No pessimist ever discovered the secret of the stars or sailed an uncharted land, or opened a new doorway for the human spirit. — Helen Keller

It's eleven eleven, do you know where your superstition is?

The sentence—I'm proud that I am smart enough to not have any superstitious beliefs—is vainglorious and condescending; but, it's also true.  A few months ago, I had a brief conversation about ghosts with our resident rapscallion (my paramour's teenage son).  All conversations with youth are brief, so this one might almost count as a lengthy one.  We were watching tv, and I was jumping over a commercial logjam in 30sec hops with the DVR remote (for unaware Europeans: American TV has a few-minutes of commercials every ten minutes).  My last hop advanced into the show, so I made a couple 10sec back-jumps and we watched a portion of a commercial for one of those shows where a group of people walk around at night, with night vision cameras, in old buildings (for unaware Europeans: most Americans think one-hundred year old buildings are ancient).

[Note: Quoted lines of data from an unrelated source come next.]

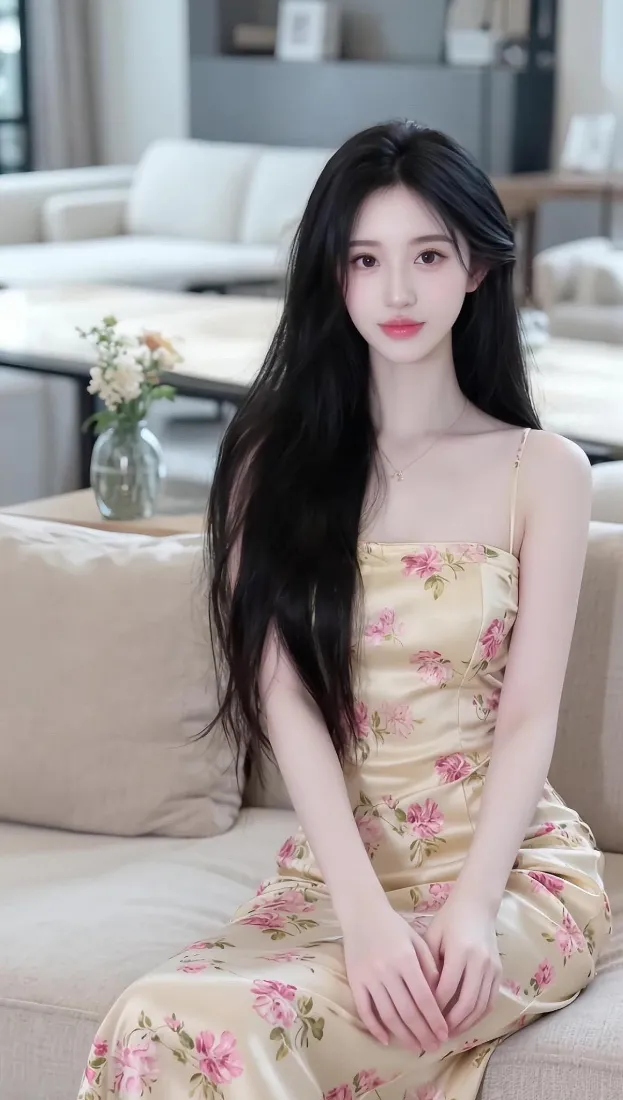 长发美女手机壁纸｜居家碎花裙背景图片 - 气质好看写真「哲风壁纸」
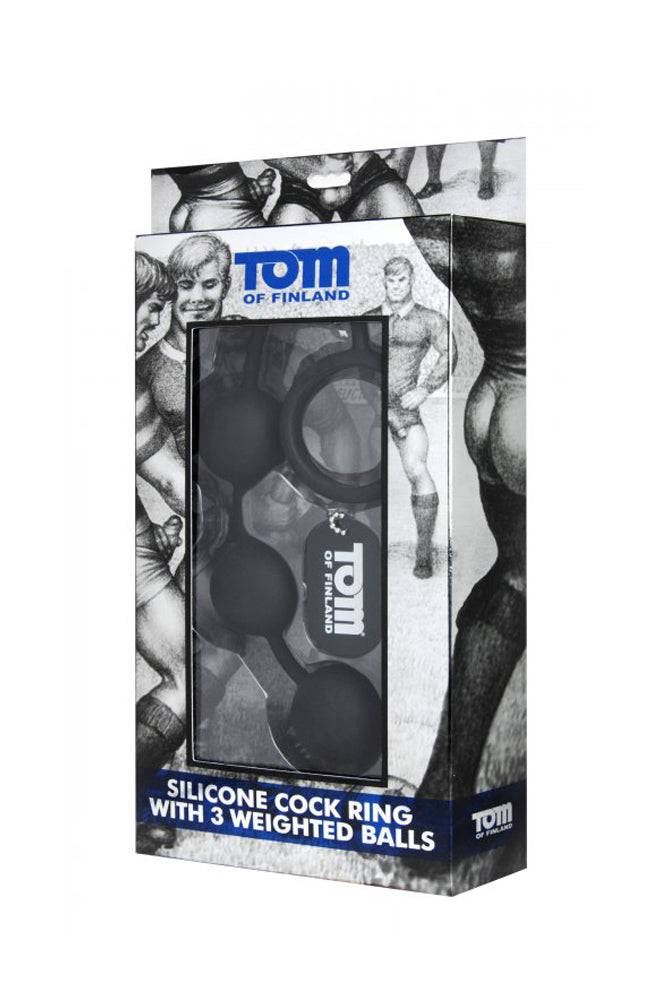 XR Brands - Tom of Finland - Silicone Cock Ring With 3 Weighted Balls - Black - Image 3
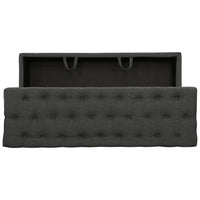 60 Inch Modern Pull Out Storage Bench, Textured Dark Gray Fabric, Button Tufting, Lift Top - BM241933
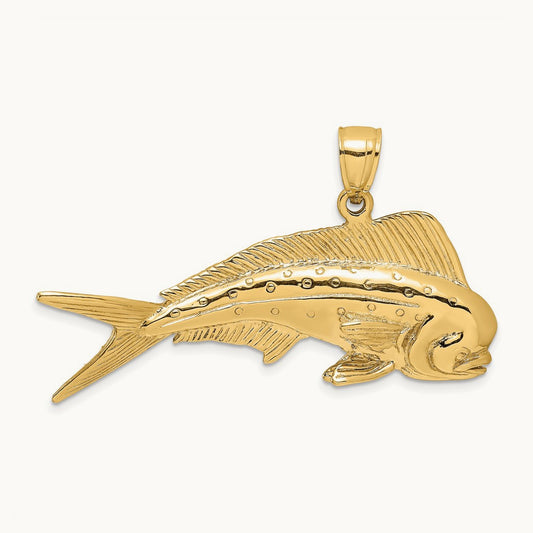 3-D Male Dorado (Mahi-Mahi) Charm, 14K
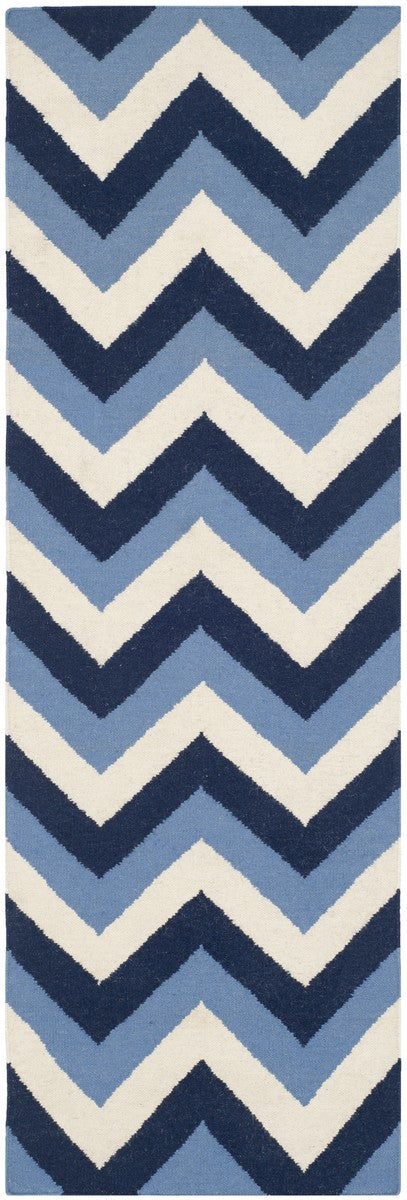 Safavieh Dhurries 640 Hand Woven Flat Weave  Rug Navy / Light Blue DHU640B-3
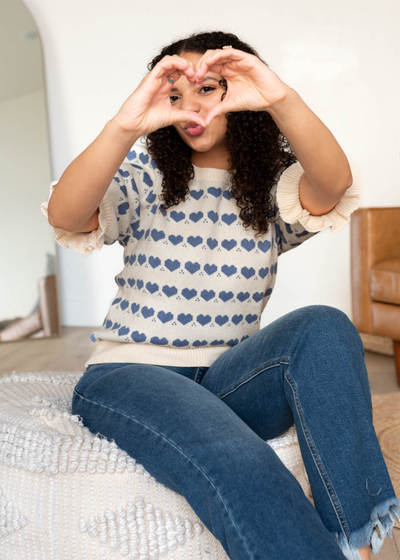 Heart stripe sweater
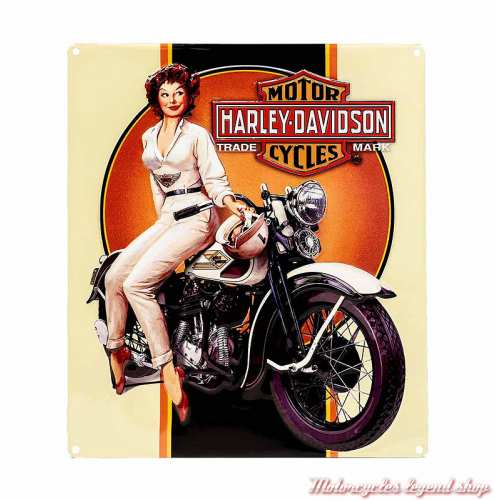 Plaque métal Pin up Dreaming Babe Harley-Davidson, vintage, 2010461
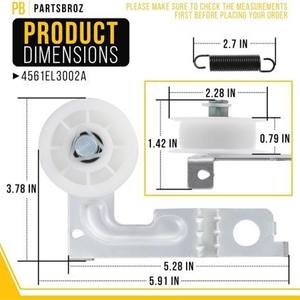 Conjunto de poleas 4561EL3002A para correas de secadora LG Kenmore, pieza duradera de plástico - Product Image 3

"Do you believe in ghosts?"
"No."  I said (as I paused the TV).
"So, ummm, what do you think happens after you die?" 
"Where were you before you were born?" (My default teach-a-teenager position has become—answer a question with a question.  It can, occasionally, cause an additional sentence to be added to the conversation.)
"So, like, that's it?  Nothingness?"
"You almost sound upset."
"Well, it's kinda sad...you know...blip and we're done."
"I'm not telling you what to believe.  You can pick from dozens of religions that say you go someplace magical.  Also, if you want to think ghosts move old dusty chairs in basements of derelict buildings or float around as orbs...well, that's your prerog™."  (Clipping a suffixplus is kinda lame, but I get a kick when he repeats them.  In a month I'll overhear him with a friend playing Guitar Hero, "If you don't wanna use the mic while I play guitar that's your prerog bitch.")
"But you don't.  And you're happy with that."
"Not only am I content with 'blip and we're done' (as I said blip I snapped my fingers) I'm amazed and confused by anyone who wants and believes their existence to be infinite and forever."
"Amazed and confused—isn't that a Led Zep..."
"Dazed and confused is Zep.  Amazed and confused is Neil Diamond."
"You sure?"
"About the song titles...yes."

This conversation got me thinking about my lack of superstitious beliefs.  I realized that I do have one thing which can only be explained as superstitious ideation.  It also could just be a big coincidence (I once had a co-worker who said there were no such things as coincidences, but I think he might have been superstitious).

Almost every time-telling device in my possession, or around our home, is digital.  I don't wear a watch (and haven't for many years).  Since I don't live a life of deadlines, schedules, or appointments (and haven't for many years) I'm usually not concerned with knowing what time it is.  This lack of concern results in my not looking at the digits on the stove or the front of the DVR.  I can answer my cell, talk, and hang up...all without looking at the time.  I probably check the time about six times a day.

I usually need a strong reason to look at a clock.  If I'm woken and it's still dark out, I'll point my eyes at the digits on the nightstand.  If someone rings our doorbell at night, the clock will tell me if it's too late for our resident rapscallion to have visitors.  If I've been reading for hours and wonder if I could squeeze in another hundred pages, I'll let those same digits on the nightstand decide.  If I'm hungry, but we have dinner plans this evening, the digits inform me if a snack is necessary.  A round of golf could take 4 hours.  The film starts at 5:45.  The store closes at 9.  Even in my lackadaisical life there are reasons to look at the time.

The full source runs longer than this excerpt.